The Proposed Mandatory Registry of All Muslims

“First they came for the Socialists, and I did not speak out ~ because I was not a Socialist….Then they came for the Jews, and I did not speak out ~ because I was not a Jew. Then they came for me ~ and there was no one left to speak for me.” ~ German Pastor Martin Niemoller
This poem, as it has often been called, has been adapted to fit many circumstances. That is part of its long and broad appeal.
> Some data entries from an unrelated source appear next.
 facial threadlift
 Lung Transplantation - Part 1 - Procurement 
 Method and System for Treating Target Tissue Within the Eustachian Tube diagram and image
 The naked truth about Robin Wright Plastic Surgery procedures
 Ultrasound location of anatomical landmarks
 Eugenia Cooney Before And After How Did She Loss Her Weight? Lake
Let’s continue that tradition a bit longer and broader:

First they came to burn women at the stake who had been accused of being “witches” in Salem, Massachusetts in the 1600’s, and I did not speak out ~ because I was not a woman accused of being a witch.

Then they came for women who committed adultery and forced them to sew the scarlet letter “A” (for adultress) on their coats, and I did not speak out ~ because I was not an adulteress.

Then they came for Japanese Americans, including children, and forcibly relocated and incarcerated them during WW2, and I did not speak out ~ because I was not a Japanese American.

Then they came for the Jews and forced them into concentration camps and tattooed numbers on their forearms and stole their dignity, their property, their names, their health, their freedom and their very lives and I felt terrible about it, and I did not speak out ~ because I was not a Jew.

Then they came to mass arrest gays at a bar in New York City and threw them into police vans and carted them to jail, and I did not speak out ~ because I was not gay.

Then, barely a few months ago, the President of the Philippines advocated the mass murder of thousands of drug addicts to rid society of its problem with addiction, and I did not speak out ~ because I am not a drug addict living in the Philippines.

But did you know that when the Nazis took over Denmark and ordered that all Jews wear the yellow Star of David on their clothes, the King, who was not Jewish, also wore the Star of David and encouraged all his people to do the same?

And did you know that the German Protestant Pastor Martin Niemoller did more than simply write this famous “poem”?  He spent the last seven years of the Nazi regime in concentration camps because of what he preached, wrote and did.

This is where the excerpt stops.